|
|
|
|
|
by hutzlibu
1114 days ago
|
|
GPU programming in general is definitely not trivial, as I can confirm with struggeling to learn WebGPU right now. But it really depends on the problem, simple math operations on lots of data is usually indeed trivially faster. Like AI mostly is with math on matrices. Or for example I just implemented a simple 2D raycastsolver in wgsl and as a first project it is totally not optimized - but even on my old laptop with crappy integrated GPU, but (relativly) fast CPU - I can now do 10000 raycasts per frame easily, while the cpu (wasm!) struggles with 500. The raw power of the gpu is really awesome. But every step is hard and debugging a mess. Which is why only a handful of people seems do be doing it. But now would probably be a good time, to get into it.. as I think gpu compute just has started and will get big. |
|
* Radix sort is your friend. Fun fact, O(n log n) is not the fastest a sort can run, it's the fastest a comparison-based sort can run. Radix sort runs in O(N) time, and in fact parallelizes extremely well on GPUs. Extremely. They are great at it. And there are in-place radix sorts too, just a bit slower (same asymptotic performance tho).
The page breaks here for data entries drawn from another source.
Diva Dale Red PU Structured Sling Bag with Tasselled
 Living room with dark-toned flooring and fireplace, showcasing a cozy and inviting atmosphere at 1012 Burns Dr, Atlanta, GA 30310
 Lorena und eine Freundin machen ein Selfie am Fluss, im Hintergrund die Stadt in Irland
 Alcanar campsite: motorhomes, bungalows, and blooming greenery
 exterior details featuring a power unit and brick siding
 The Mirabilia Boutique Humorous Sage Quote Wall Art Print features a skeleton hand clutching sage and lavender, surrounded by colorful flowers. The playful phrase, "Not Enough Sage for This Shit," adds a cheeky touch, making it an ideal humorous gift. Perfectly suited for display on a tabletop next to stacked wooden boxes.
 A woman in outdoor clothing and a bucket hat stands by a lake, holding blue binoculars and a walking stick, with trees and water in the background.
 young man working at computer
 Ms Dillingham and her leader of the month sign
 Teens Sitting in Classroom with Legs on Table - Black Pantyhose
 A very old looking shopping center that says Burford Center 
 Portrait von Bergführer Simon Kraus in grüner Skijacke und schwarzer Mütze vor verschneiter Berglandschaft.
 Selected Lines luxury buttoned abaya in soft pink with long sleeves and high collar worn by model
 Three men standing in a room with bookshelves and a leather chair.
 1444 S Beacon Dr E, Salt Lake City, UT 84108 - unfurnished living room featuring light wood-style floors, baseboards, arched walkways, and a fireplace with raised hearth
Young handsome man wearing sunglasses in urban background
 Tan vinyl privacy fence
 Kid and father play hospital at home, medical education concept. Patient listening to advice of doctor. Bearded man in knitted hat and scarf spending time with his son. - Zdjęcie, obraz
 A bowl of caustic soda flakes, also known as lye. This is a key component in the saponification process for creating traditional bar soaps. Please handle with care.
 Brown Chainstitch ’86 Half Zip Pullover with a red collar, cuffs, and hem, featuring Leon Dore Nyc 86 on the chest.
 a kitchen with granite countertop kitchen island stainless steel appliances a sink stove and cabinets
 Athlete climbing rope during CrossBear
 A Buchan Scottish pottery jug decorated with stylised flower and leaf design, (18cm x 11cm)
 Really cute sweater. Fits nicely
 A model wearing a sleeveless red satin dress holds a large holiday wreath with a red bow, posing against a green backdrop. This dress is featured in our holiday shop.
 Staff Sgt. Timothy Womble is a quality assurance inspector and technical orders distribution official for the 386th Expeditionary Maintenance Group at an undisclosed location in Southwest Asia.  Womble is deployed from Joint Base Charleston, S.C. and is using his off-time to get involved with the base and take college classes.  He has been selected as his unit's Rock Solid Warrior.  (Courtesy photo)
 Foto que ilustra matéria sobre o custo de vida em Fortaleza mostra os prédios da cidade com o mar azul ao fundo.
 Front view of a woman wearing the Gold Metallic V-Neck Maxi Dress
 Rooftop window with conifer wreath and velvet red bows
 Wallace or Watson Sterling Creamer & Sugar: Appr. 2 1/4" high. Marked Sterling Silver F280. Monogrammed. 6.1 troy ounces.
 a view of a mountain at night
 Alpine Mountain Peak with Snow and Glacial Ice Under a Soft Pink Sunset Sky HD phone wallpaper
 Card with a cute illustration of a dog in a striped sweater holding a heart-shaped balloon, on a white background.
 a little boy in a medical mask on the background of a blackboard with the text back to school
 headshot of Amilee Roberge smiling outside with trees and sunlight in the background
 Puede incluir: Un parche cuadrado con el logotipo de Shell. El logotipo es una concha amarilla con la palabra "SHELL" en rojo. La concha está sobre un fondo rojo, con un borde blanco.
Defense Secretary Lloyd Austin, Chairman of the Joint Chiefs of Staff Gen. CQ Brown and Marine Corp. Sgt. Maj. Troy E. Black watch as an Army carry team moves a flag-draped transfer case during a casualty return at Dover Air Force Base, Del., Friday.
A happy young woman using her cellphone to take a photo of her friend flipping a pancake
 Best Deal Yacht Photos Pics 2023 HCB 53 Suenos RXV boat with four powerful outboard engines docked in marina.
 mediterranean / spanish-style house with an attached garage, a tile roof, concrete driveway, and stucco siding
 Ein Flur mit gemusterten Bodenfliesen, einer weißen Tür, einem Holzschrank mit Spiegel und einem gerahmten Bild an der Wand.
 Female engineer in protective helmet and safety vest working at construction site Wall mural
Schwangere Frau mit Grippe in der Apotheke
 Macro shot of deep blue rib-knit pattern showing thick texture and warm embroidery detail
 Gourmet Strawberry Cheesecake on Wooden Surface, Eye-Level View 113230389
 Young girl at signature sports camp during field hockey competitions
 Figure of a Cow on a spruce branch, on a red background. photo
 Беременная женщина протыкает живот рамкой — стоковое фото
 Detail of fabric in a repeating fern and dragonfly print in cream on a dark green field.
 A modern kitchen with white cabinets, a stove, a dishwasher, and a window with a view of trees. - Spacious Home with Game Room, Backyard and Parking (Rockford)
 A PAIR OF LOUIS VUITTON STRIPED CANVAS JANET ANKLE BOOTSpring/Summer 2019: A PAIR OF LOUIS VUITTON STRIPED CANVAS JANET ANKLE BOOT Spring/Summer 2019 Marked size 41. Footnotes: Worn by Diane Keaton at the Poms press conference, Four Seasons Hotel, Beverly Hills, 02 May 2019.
* "Insert an element into this collection" style steps can be replaced by a sort and a prefix-sum operation. If you know the offset of the first element with key K, and you know the offset of the first element with key J, you know the offset and size of that "collection" for K within a flat array ("size(K) = offset(J) - offset(K)"). Both of these run super fast in parallel and if you can tweak your problem around to be some kind of sorting operation that usually produces good speedups like this. Easiest way to get a speedup from everything I've heard, if your program works fast from a lookup table it's a good approach.
* Recomputing (or duplicate computation) is often much faster than storing intermediate results. "Procedural generation" is interesting because you can re-compute the generation step on demand. Random123 is also very nice compared to a (CuRand) mersenne twister/etc - why are you, a believer in the cryptographic maxim that hash(key, msg) is uncorrelated to hash(key, msg+1), still storing RNG state? Being able to play back arbitrary parts of a datastream at will is incredibly powerful, you can fastforward and rewind through the data previously used to interact with an item, as long as you know the epoch of the interaction you want for a particular key. And because computation is cheaper than memory, and memory bandwidth - it's really actually practically free in program time terms to just do some math. This is a form of data compression and performance enhancement.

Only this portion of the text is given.